Bird #2 (aka, "Tutu") is a sweet little girl who sings and dances when you tease her by touching her feet. She is very smart, flying in close to watch my every move as I clean her room and put out food. Also impeccably neat, she takes regular baths and loves to nest on a rag rug. 









Bird #3 (aka, "Trey") is a lovable guy who doesn't mind a quick hug and release, and is a really good watch bird who is quick to spot hawks. He thinks his purpose in life is to either protect or shepherd Tutu around the room.










Bird #6 (aka "Sixy") sleeps in my laundry room, but comes out during the day to investigate or snooze on top of the fridge. She probably would not mind living indoors indefinitely, and would make an outstanding, lovable, and very inquisitive pet who follows you around like a puppy. We think she may be Catholic, since she frequently venerates -- coos, bows, and wing wiggles -- in front of an icon of Mary with child. 









Is anyone interested in one or more of these kids? They come with the added bonus that I will continue to provide laboratory fecal screening and meds if needed.

If you know of anyone near the Buffalo/Niagara Falls New York area who would be interested in keeping these beautiful birds, please let me know.

Thanks much!


----------



## Jay3 (May 4, 2008)

They certainly are beautiful birds. I hope they all find forever homes real soon.


----------



## Charis (Feb 11, 2007)

Sounds like Tutu and Trey need to be placed together.
I love your descriptions of each one...too cute.


----------



## Columbidae (Sep 4, 2006)

Charis said:


> Sounds like Tutu and Trey need to be placed together.
> I love your descriptions of each one...too cute.


_Actually..._
Trey gets on Tutu's nerves after a while. He occasionally tries to put the "moves" on her and she's not too interested in his advances. 

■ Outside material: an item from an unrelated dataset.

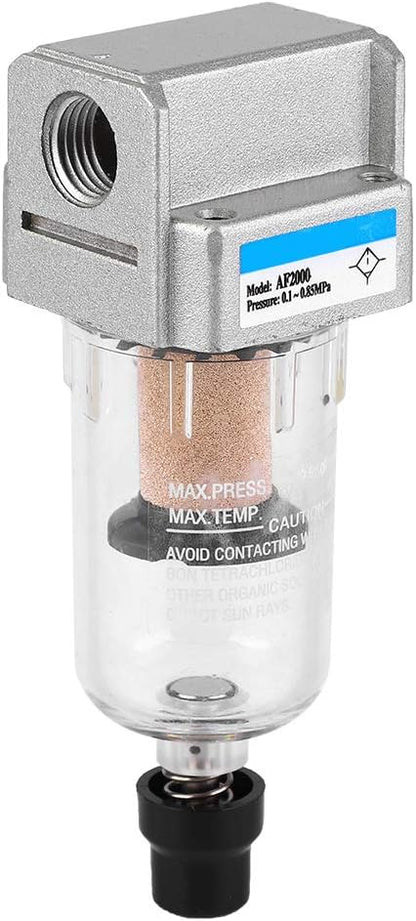 G1/4" Air Line Filter, Water and Oil Separator for Air Line Replacement AF2000-02 Particulate Filter Water Trap Separator, 750L/min Automatic Drain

On the other hand, Sixy began exploring the house one day, found Trey's room, and it was love at first sight as they went BONKERS parading and singing for each other.


----------



## birdiegirlie (Jul 23, 2009)

Awwww, I hope the birdies get wonderful homes- I love your descriptions!


----------



## prophecy (Jul 10, 2008)

i pmed you........ I am interested in giving your birds a home.


----------



## dove_bird (Aug 21, 2009)

your pigeons are so cute ^_^ i hope they have a nice,cosy new home!


----------



## Columba livia! (May 4, 2009)

pretty birds! good luck with finding them homes Columbidae! -- I like your profile name!


----------



## mich23 (Jan 20, 2010)

i will love to have one pigeon. do you think you could ship it


----------



## spirit wings (Mar 29, 2008)

mich23 said:


> i will love to have one pigeon. do you think you could ship it


THE POST IS FROM JULY OF 2009.


----------



## MaryOfExeter (Sep 30, 2007)

-face palm-
Oh the wonders we could do if we were moderators


----------



## TAWhatley (Mar 6, 2001)

MaryOfExeter said:


> -face palm-
> Oh the wonders we could do if we were moderators


Well, you would probably just let this person figure it out from what you all have posted ..  

Terry


----------



## Jay3 (May 4, 2008)

I PMed him last night


----------